Je note comme étant un peu à mon honneur le fait que j'aie été heureux et non gêné par la présence de ma mère à Oxford. Elle était venue s'y installer afin de veiller sur moi autant qu'il était en son pouvoir. Pendant mes trois années d'Oxford, elle habita des chambres meublées dans High Street (d'abord dans la jolie maison du XVIe siècle, de Mr Adams, aux boiseries sculptées); mon père restait seul à Herne Hill toute la semaine, séparé à la fois de sa femme et de son fils, pour l'amour de ce fils. Le samedi il venait nous rejoindre, et le dimanche nous allions en famille à Saint-Pierre pour le service du matin. À part cela, jamais mes parents ne se montraient en public avec moi, dans la crainte que mes camarades ne se moquassent de moi ou n'exerçassent leur verve sur le brave Mr Ruskin, marchand de vin de Xérès, et la bonne Mrs Ruskin, aux toilettes surannées.
Personne d'ailleurs, pendant tout le temps que je fus au collège, ne se permit de dire un mot malveillant ni sur l'un, ni sur l'autre; personne ne se moqua de l'habitude que j'avais de passer mes soirées avec ma mère.

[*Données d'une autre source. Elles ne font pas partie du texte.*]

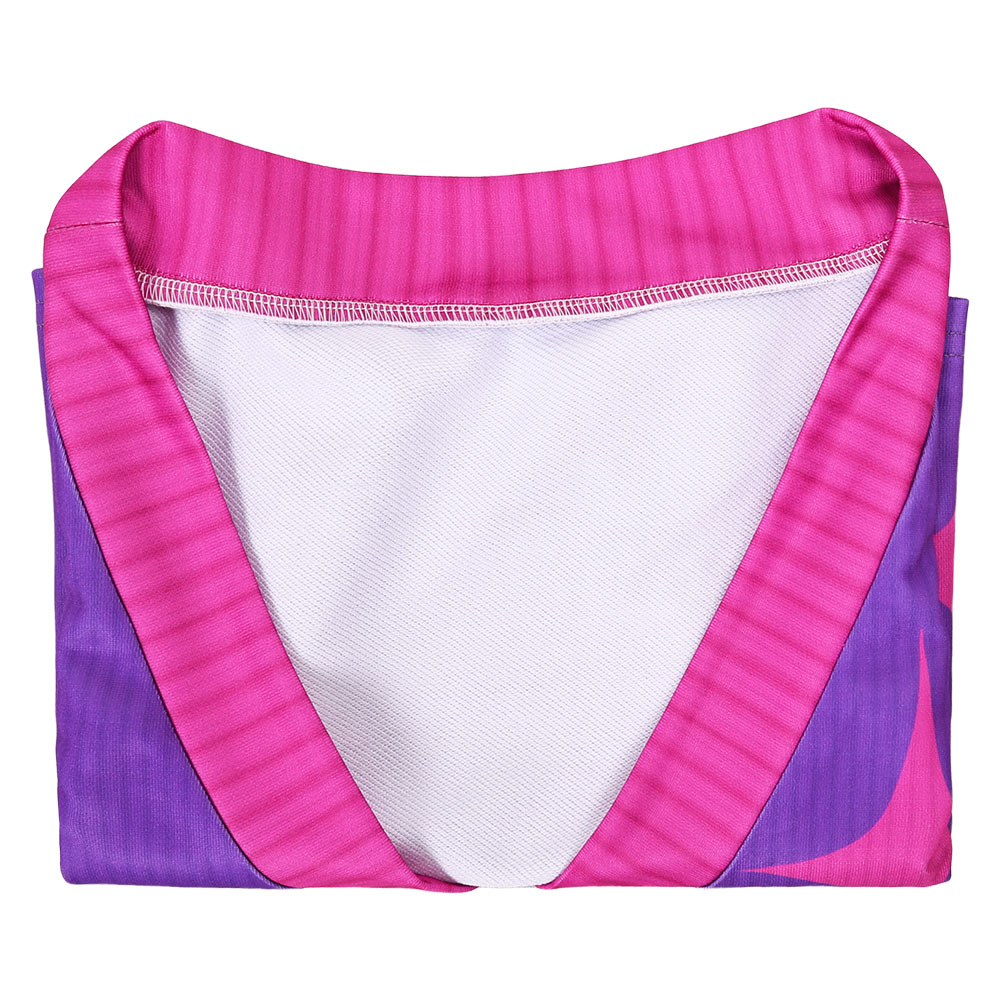 Kpop Demon Hunters Mystery Purple Men Vest Halloween Carnival Party Cosplay Costume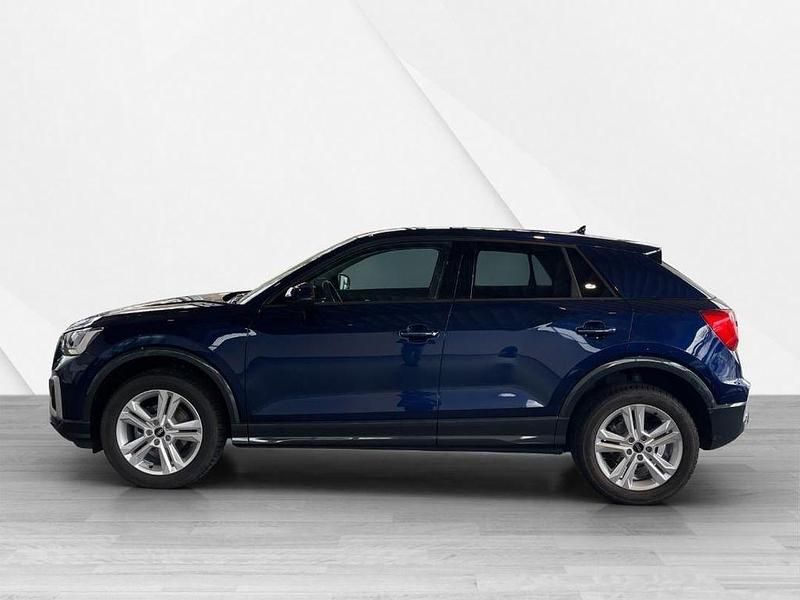 Gebraucht Audi Q2 Advanced Plus 150 PS (110 kW) 2025 Blau SUV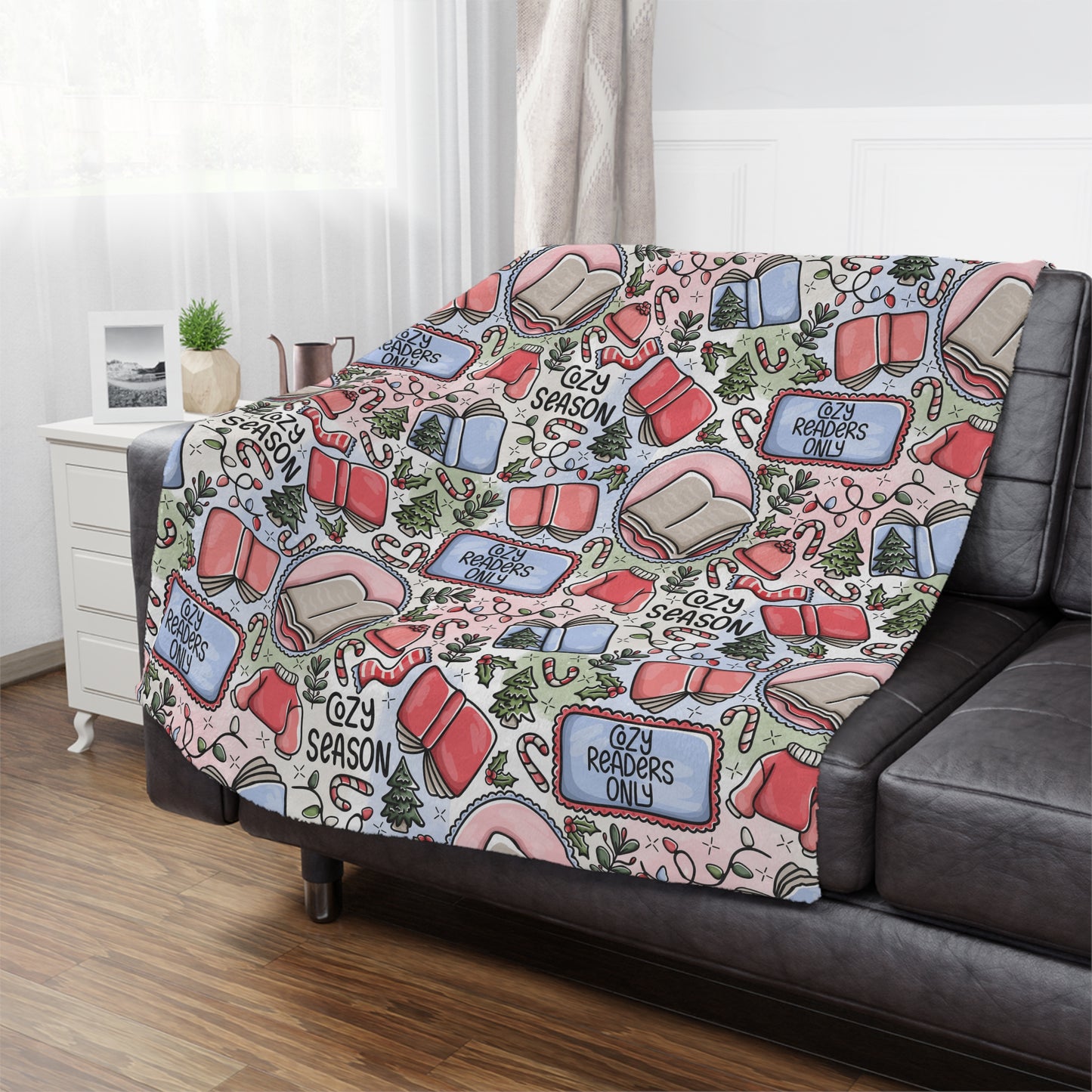 Cozy Season Reader Blanket PRE ORDER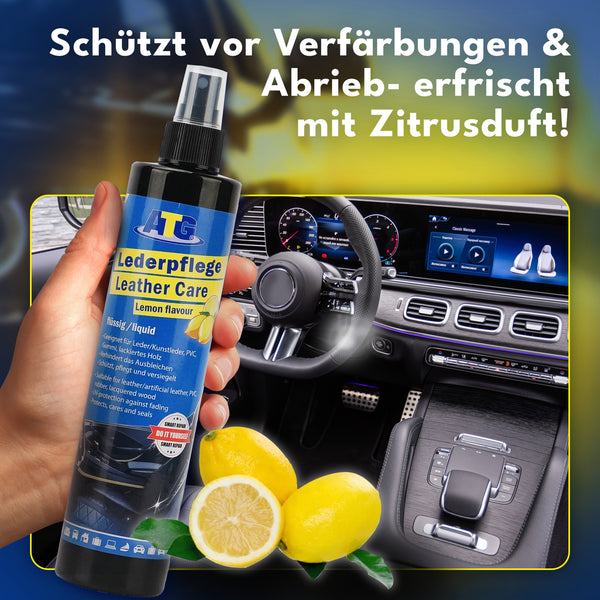 ATG® Auto Leder und Cockpitpflege Spray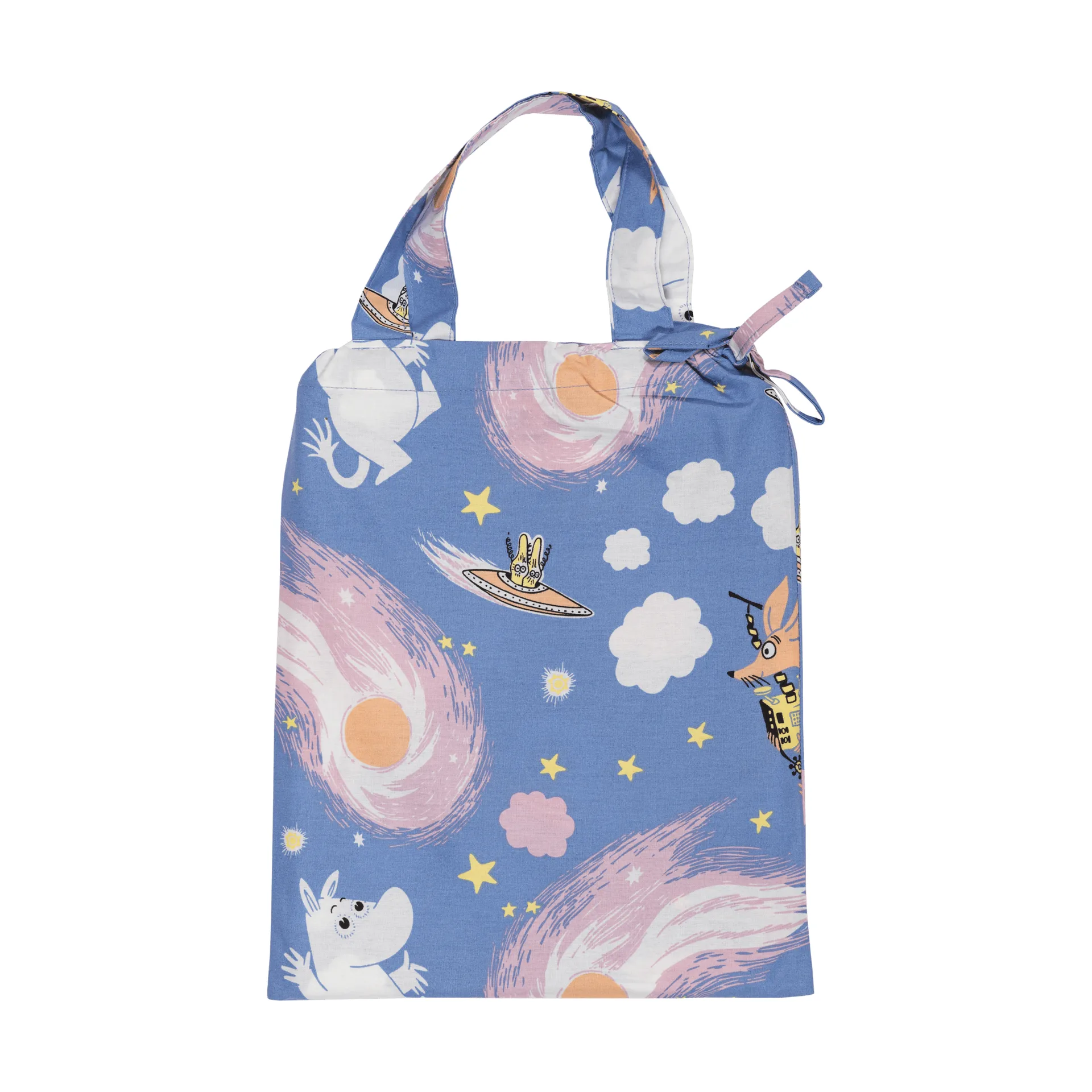 Mumin Bettwäsche-Set, Rymdäventyr GOTS, 85x125 cm Moomin Arabia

Mais une fois que la sœur aînée d'Adèle était venue avec son mari visiter Oxford, et que j'avais eu la sottise de dire à dîner, fort inutilement j'en conviens, que je la connaissais, que c'était la comtesse Diane de Maison, mes camarades me blaguèrent sans merci un mois durant.
Le lecteur voudra bien observer aussi que si ma mère m'avait suivi à Oxford, ce n'était nullement parce qu'elle ne pouvait pas se passer de moi, encore moins parce qu'elle n'avait pas confiance en moi. Elle était venue uniquement pour être là en cas d'accident ou de maladie subite. Ma mère avait toujours été à la fois mon médecin et ma garde-malade et elle m'avait à plusieurs reprises sauvé la vie. Cette fois encore, qu'aurais-je fait sans elle? Pendant les deux premières années de ma vie d'étudiant, je ne lui causai aucune inquiétude; et quelle douceur pour moi, quand venait l'heure du thé, d'aller lui raconter ce que j'avais fait ou appris dans la journée!